26.11.2018
FR
Journal officiel de l'Union européenne
C 427/80
Recours introduit le 29 août 2018 — Fakro/Commission
(Affaire T-515/18)
(2018/C 427/107)
Langue de procédure: le polonais
Parties
Partie requérante: Fakro sp. z o. o. (Nowy Sącz, Pologne) (représentant: A. Radkowiak-Macuda, conseiller juridique)
Partie défenderesse: Commission européenne
Conclusions
La partie requérante conclut à ce qu’il plaise au Tribunal:
—
annuler la décision de la Commission du 14 juin 2018, rendue dans la procédure ouverte à la suite de la plainte pour abus de position dominante introduite contre le groupe Velux auprès de la Commission le 12 juillet 2012 par Fakro sp. z o. o. (no AT.40026 Velux);
—
condamner la Commission aux dépens.
Moyens et principaux arguments
À l’appui du recours, la partie requérante invoque trois moyens.
1.
Premier moyen, tiré d’une erreur manifeste d’appréciation et du défaut de motivation de la décision attaquée, ayant conduit la Commission à conclure à l’absence d’intérêt de l’Union européenne à poursuivre l’examen de l’affaire.

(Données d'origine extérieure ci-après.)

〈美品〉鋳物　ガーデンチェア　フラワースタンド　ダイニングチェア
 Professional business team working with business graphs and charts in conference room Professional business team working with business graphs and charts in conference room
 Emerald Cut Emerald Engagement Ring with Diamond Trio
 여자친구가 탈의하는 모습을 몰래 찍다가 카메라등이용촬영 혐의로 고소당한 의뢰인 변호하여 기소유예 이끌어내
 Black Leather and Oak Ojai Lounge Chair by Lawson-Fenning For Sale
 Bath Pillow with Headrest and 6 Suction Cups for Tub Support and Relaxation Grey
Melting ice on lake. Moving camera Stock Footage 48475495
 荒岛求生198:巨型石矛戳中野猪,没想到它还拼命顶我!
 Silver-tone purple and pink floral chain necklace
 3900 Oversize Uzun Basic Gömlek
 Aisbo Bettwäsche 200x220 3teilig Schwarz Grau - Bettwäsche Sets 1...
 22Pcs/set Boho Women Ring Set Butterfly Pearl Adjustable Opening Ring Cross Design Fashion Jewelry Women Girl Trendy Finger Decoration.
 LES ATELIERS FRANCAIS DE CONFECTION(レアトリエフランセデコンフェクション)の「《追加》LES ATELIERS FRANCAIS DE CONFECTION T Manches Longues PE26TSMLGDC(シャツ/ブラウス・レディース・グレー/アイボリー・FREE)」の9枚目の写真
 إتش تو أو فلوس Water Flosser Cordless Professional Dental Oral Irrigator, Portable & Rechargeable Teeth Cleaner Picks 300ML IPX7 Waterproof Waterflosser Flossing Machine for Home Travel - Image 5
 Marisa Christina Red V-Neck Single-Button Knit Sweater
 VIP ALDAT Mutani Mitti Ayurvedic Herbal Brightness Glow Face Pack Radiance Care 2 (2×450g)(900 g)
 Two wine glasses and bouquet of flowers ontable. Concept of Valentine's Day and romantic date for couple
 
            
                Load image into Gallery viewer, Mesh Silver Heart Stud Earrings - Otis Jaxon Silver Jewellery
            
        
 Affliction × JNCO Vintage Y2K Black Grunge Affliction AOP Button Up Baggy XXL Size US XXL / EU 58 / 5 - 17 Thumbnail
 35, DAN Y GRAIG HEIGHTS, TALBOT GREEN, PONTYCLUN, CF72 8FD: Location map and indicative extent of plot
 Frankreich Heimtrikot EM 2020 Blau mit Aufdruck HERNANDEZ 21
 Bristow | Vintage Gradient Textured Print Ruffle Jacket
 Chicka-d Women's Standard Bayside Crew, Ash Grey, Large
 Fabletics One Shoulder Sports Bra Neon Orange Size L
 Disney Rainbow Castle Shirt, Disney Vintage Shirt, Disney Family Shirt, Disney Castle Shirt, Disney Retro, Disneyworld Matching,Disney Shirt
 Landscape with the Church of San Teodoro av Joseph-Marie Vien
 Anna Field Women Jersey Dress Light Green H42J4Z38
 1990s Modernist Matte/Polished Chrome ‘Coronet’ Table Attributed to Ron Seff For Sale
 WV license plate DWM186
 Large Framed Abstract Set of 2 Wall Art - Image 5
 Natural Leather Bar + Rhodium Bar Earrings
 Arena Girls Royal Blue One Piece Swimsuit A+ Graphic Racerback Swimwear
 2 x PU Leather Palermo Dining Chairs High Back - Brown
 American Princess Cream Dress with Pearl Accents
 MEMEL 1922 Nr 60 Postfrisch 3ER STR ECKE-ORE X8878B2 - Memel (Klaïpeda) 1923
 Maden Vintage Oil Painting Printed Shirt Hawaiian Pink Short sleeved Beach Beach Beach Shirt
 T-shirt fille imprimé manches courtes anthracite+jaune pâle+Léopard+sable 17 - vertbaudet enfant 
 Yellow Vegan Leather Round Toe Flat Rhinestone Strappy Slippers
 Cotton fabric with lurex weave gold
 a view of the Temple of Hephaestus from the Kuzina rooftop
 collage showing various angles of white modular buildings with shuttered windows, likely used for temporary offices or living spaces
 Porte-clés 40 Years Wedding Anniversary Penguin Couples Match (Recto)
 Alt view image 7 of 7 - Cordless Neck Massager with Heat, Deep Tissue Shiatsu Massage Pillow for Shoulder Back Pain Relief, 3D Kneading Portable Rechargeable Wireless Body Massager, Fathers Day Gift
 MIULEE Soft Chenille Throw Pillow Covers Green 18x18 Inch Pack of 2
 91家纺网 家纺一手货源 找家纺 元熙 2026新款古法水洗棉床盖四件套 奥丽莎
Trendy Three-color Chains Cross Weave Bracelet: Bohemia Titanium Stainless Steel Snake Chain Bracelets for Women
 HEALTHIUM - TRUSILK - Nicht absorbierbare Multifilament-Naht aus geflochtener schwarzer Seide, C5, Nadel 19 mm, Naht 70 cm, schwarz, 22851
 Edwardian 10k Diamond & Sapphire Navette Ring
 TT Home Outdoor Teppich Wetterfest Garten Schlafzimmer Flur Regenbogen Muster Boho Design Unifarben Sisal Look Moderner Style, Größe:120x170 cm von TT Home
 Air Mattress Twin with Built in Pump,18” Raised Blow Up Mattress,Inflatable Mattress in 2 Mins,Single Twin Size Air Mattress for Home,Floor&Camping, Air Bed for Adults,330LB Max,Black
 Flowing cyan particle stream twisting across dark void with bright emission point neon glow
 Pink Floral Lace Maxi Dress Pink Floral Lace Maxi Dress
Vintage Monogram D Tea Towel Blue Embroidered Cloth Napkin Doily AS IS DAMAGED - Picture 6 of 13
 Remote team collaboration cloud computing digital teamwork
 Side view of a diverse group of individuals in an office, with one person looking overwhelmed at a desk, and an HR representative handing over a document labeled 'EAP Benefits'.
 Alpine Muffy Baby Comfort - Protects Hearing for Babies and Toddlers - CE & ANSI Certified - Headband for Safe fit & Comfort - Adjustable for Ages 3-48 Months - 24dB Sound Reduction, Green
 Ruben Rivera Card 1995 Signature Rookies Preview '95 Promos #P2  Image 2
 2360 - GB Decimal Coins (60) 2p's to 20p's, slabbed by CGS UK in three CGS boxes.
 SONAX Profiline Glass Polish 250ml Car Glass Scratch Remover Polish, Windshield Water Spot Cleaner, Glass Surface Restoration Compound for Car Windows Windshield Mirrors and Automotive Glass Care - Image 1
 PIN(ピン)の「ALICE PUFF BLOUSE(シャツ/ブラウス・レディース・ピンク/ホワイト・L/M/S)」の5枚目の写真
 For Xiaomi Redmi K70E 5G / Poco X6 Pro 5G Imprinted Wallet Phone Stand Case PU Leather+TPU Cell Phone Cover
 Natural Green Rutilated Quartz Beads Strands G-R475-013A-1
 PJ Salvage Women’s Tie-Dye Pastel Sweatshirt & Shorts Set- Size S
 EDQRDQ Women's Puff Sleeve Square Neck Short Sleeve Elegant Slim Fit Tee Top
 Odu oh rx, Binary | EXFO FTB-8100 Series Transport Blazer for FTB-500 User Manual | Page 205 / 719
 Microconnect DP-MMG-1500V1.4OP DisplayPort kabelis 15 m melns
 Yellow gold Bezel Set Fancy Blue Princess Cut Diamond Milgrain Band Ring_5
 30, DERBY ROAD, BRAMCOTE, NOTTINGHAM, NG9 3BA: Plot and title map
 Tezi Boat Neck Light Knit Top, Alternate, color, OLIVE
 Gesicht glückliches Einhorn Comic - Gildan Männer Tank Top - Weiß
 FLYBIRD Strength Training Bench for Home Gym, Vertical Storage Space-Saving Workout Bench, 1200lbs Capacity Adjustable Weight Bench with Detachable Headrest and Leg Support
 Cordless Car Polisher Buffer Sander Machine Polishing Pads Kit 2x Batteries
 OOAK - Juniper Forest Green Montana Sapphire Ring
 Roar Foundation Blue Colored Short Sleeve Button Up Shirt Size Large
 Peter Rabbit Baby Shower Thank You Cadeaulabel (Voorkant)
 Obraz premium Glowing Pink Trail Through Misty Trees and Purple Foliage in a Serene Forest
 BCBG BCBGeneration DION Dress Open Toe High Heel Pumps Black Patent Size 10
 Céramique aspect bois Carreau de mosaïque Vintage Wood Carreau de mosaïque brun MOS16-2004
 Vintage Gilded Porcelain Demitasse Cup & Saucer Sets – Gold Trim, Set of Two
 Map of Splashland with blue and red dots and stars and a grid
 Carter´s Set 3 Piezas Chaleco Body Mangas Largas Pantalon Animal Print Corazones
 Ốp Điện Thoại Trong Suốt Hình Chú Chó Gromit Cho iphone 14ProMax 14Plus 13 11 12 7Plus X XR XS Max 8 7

La partie requérante considère que la Commission n’a pris définitivement position ni à l’égard des conditions préalables à remplir pour pouvoir constater un abus de position dominante, ni à l’égard des sept catégories de faits allégués. En examinant le moyen portant sur le recours de l’entreprise dominante à des prix prédateurs, la Commission a fondé, sans réserve, sa décision sur les arguments de cette entreprise, en ignorant ceux de la partie requérante et sans procéder à une analyse, même simplifiée, du problème. La partie requérante estime que l’introduction par l’entreprise dominante d’une marque de combat avait pour seul objectif d’empêcher ses concurrents d’accéder au marché ou de s’y développer; les rabais d’investissement pratiqués par cette entreprise ont un caractère sélectif, exclusif et discriminatoire, ce qui viole l’article 102 TFUE. Elle considère que les preuves établissent clairement que l’entreprise dominante a conclu des contrats d’exclusivité, en violation de l’article 102 TFUE, et qu’une procédure d’enquête ne nécessiterait pas de consacrer des ressources importantes à cet effet, mais uniquement de vérifier les données et les preuves qu’elle a présentées.
2.
Deuxième moyen, tiré de la violation du principe de bonne administration, en rapport avec une erreur manifeste d’appréciation quant à l’absence d’intérêt de l’Union européenne à poursuivre l’examen de l’affaire.
Il s’est écoulé plus de 71 mois entre le dépôt de la plainte et la décision de rejet. La lenteur de l’action de la Commission n’est justifiée par aucune circonstance particulière. La Commission a une connaissance approfondie du marché européen des fenêtres de toit. La lenteur de l’action de la Commission est susceptible d’empêcher la partie requérante de faire valoir ses droits devant les autorités nationales de protection de la concurrence en raison du délai de prescription des actions prévu par le droit national.
3.
Troisième moyen, tiré de la violation de l’article 8, paragraphe 1, du règlement no 773/2004 (1), la Commission ayant refusé à la partie requérante l’accès au dossier, ce qui l’a privée de son droit effectif de se défendre.
Conformément aux dispositions en vigueur, lorsque la Commission informe le plaignant de son intention de rejeter la plainte, le plaignant a le droit d’accéder aux documents sur lesquels la Commission a fondé son appréciation provisoire. Dans la présente affaire, la Commission a refusé d’accorder un tel accès à la partie requérante. En outre, la Commission a commis une erreur de droit au regard des principes à prendre en considération pour apprécier l’intérêt de l’Union européenne, en omettant d’analyser de manière fiable la nature et les effets des actes reprochés à l’entreprise dominante.
(1) Règlement (CE) no 773/2004 de la Commission, du 7 avril 2004, relatif aux procédures mises en œuvre par la Commission en application des articles [101 TFUE] et [102 TFUE] (JO 2004, L 123, p. 18).